Federal district courts in Minnesota and New Jersey recently sided with taxpayers who objected to disclosing sensitive documents to the IRS. The Minnesota decision dealt with tax accrual workpapers and the scope of the work product doctrine. Wells Fargo v. U.S., Civil No. 10-mc- 57 (D. Minn., June 4, 2013). The New Jersey case involved attorney-client communications and work product relating to allegedly improper tax shelters. Kearney Partners Fund v. U.S., Civil Action No. 11-4075, April 22, 2013).

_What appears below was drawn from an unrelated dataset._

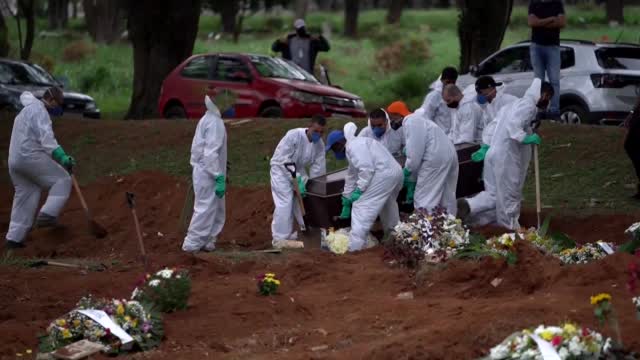 Brazil Digging Graves Around The Clock As It Faces Possible Worst Month Yet Of COVID Crisis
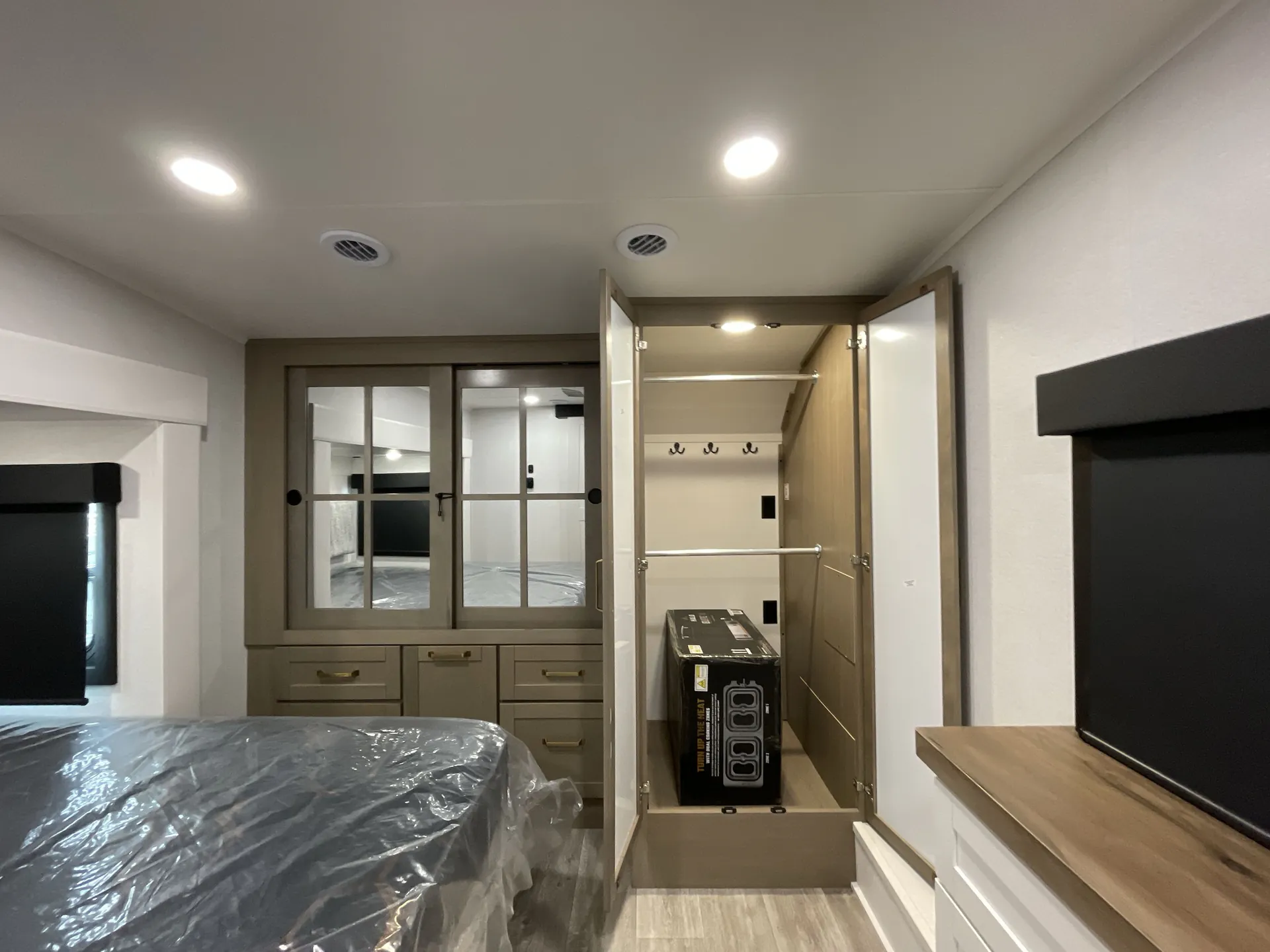 2027 Jayco Eagle 355MBQS — Bedroom showing a plastic-covered bed, mirrored wardrobe, open closet, dresser, and wall-mounted television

In Wells Fargo the IRS had issued summonses to the bank and its outside auditor, KPMG, for documents relating to the bank’s tax accrual workpapers (TAW). The TAWs incorporated documents discussing the uncertain tax positions (UTPs) that Well Fargo had identified in determining its required reserve for tax benefits that risked being disallowed by the IRS. Under FASB Interpretation Number 48 (FIN 48) that determination involved a twostep process — first, analyzing whether it was more likely than not that the claimed tax benefit would be sustained (“recognition”) and, second, determining the appropriate reserve based on an evaluation of the potential settlement outcomes (“measurement”). Wells Fargo contended that the TAWs by their very nature included assessments about potential litigation and, hence, were shielded as attorney work product doctrine.
The district court took a middle position—compelling production of a narrow set of documents relating to the UTPs but denying the broader request for all TAWs. The court reasoned that the UTPs and related factual information was created in the ordinary course of business and not in anticipation of litigation. The court found that the UTPs had to be identified whenever the bank formulated transactions aimed at producing tax benefits. Moreover, Wells Fargo’s witnesses testified that the bank would not enter into any transaction unless it had a 70 percent or greater certainty that the tax benefits would be upheld. Thus, even if its attorneys were involved in these determinations, the UTPs were unlikely to meet the “in anticipation of litigation” requirement for work product. While at some point the bank’s evaluation of the UTPs shifted from ordinary business to “in anticipation of litigation,” the court held that Wells Fargo had not met its burden of proof on that issue. The court also rejected the bank’s broader claim that every time Wells Fargo considered entering into a potentially controversial transaction, it could be deemed to have anticipated tax litigation.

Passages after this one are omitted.